Tell me that box is not just sitting in your house!


----------



## snydercj7 (Jun 12, 2008)

I am really getting the sense that cyclist are hoarders. Not that there is any thing wrong with that, I am probably saying that out of jealousy from some of the other pics that have been posted on the vintage forum.


----------



## Rumpfy (Dec 21, 2003)

girlonbike said:


> A big ole box of em seems to take away from the rareness of them.


DC gets cynical when we're not making a fuss over his work.


----------



## John Grafton (Jan 29, 2011)

DoubleCentury said:


> View attachment 737534


That's sad. They should be on bikes. Send them back to me.

JG:


----------



## Rumpfy (Dec 21, 2003)

John Grafton said:


> That's sad. They should be on bikes. Send them back to me.
> 
> JG:


2nd'ed!


----------



## colker1 (Jan 6, 2004)

mattytruth said:


> Grafton on the Fat SAB.


LOve those cranks!


----------



## girlonbike (Apr 24, 2008)

John Grafton said:


> That's sad. They should be on bikes. Send them back to me.
> 
> JG:


 The man has spoken. His address is in the other thread,


----------



## DoubleCentury (Nov 12, 2005)

John Grafton said:


> That's sad. They should be on bikes. Send them back to me.
> 
> JG:


Believe me, I've tried to make it happen, but it's out of my hands.


----------



## Pepperman (Oct 14, 2004)




----------



## ameybrook (Sep 9, 2006)

haha. Componets.


----------



## syklystt (Mar 31, 2010)

John Grafton said:


> That's sad. They should be on bikes. Send them back to me.
> 
> JG:


now this is sooo classic.

Great products John...Thanks.


----------



## gsy971 (Jan 14, 2005)

rumpfy, what bike is that?


----------



## xy9ine (Feb 2, 2005)

John Grafton said:


> That's sad. They should be on bikes. Send them back to me.
> 
> JG:


this is my general response whenever i see piles of hoarded vintage bits. redistribute the wealth and/or get them on bikes. sad to see nice hardware gathering dust in boxes or sitting in display cases.


----------



## girlonbike (Apr 24, 2008)

DoubleCentury said:


> Believe me, I've tried to make it happen, but it's out of my hands.

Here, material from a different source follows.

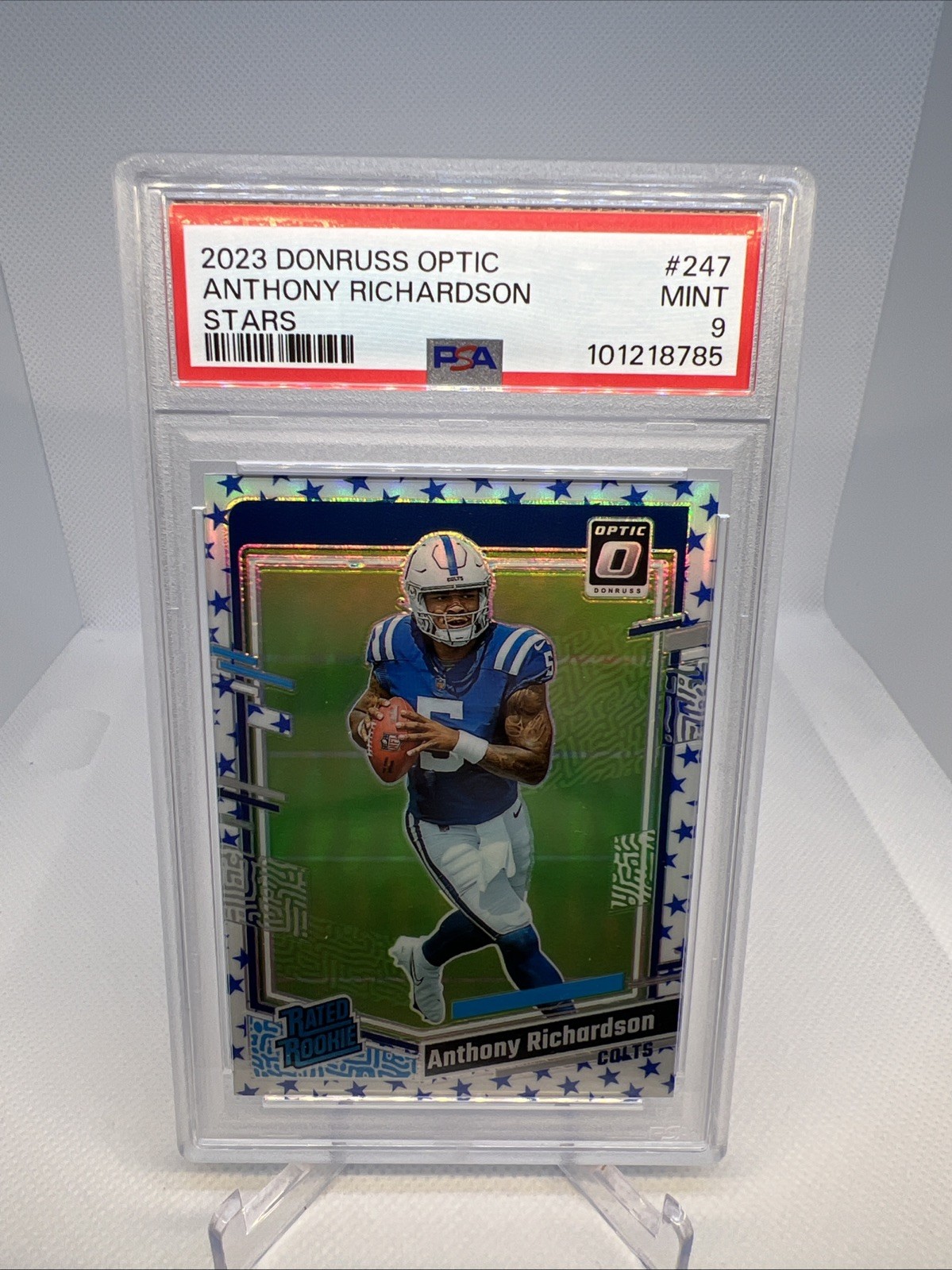 ANTHONY RICHARDSON 2023 DONRUSS OPTIC #247 STARS PSA 9 MINT COLTS ROOKIE CARD AR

Ha! Too late to disavow the picture now. Probably should have mentioned you lifted the photo before you got called out.


----------



## eastcoaststeve (Sep 19, 2007)

xy9ine said:


> this is my general response whenever i see piles of hoarded vintage bits. redistribute the wealth and/or get them on bikes. sad to see nice hardware gathering dust in boxes or sitting in display cases.

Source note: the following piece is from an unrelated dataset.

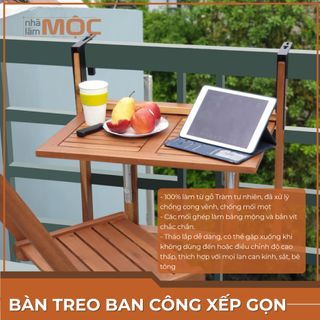 Bàn gỗ tràm treo ban công đẹp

How is that any different than all the nice parts hanging on bikes that don't get ridden?

Steve


----------



## syklystt (Mar 31, 2010)

bikes that dont get riddin, what kinda nonsense is that?


----------



## John Grafton (Jan 29, 2011)

Rumpfy said:


> Nice!
> 
> SC's mounted to a Tioga Showa fork on a 1 of 60 (aprox) Tomac Sig.
> 
> ...


I'm bummed, I don't even have any mags.
JG


----------



## girlonbike (Apr 24, 2008)

John Grafton said:


> I'm bummed, I don't even have any mags.
> JG


Get them from Martin! He must have loads of them.


----------



## burritoguru (Aug 22, 2008)

*Instructions*

Assembly instructions


----------



## John Grafton (Jan 29, 2011)

burritoguru said:


> Assembly instructions
> 
> View attachment 737934
> 
> ...


That's old. Before I moved to Durango.


----------



## tductape (Mar 31, 2008)

Hey John,
Why not do a short run of brakes, say 500 sets. Minty fresh ones are selling for a lot on the bay. Make em, saturate the market and then take a little vacation on an island off the coast of Belize for a while. When cash wanes, come back later and do the same with your cranks.


----------



## tductape (Mar 31, 2008)

On a serious note, what is the story with all this half there Grafton stuff selling on the bay currently? Say the 25 different drive side only cranks in every color perceived. I have heard different rumors but am curious what you say?


----------



## classen (Oct 7, 2009)




----------



## John Grafton (Jan 29, 2011)

Aemmer said:


> On a serious note, what is the story with all this half there Grafton stuff selling on the bay currently? Say the 25 different drive side only cranks in every color perceived. I have heard different rumors but am curious what you say?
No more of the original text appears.